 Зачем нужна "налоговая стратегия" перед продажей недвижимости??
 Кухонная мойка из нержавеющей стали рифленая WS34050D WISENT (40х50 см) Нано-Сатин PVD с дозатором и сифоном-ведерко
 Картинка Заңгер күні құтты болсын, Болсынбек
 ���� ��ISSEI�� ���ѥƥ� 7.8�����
==
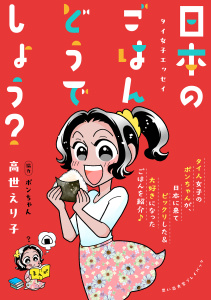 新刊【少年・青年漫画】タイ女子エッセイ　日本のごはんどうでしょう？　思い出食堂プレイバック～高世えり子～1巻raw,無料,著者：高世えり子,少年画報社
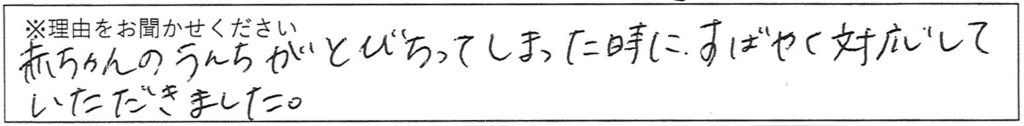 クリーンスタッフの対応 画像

**WHAT THIS TASK INVOLVES:** Look above for the line holding "新刊【少年・青年漫画】タイ女" and output everything from it down to the line holding "クリーンスタッフの対応 画像", both ends included, exactly and without images.

**SOLUTION:**
 新刊【少年・青年漫画】タイ女子エッセイ　日本のごはんどうでしょう？　思い出食堂プレイバック～高世えり子～1巻raw,無料,著者：高世えり子,少年画報社
 クリーンスタッフの対応 画像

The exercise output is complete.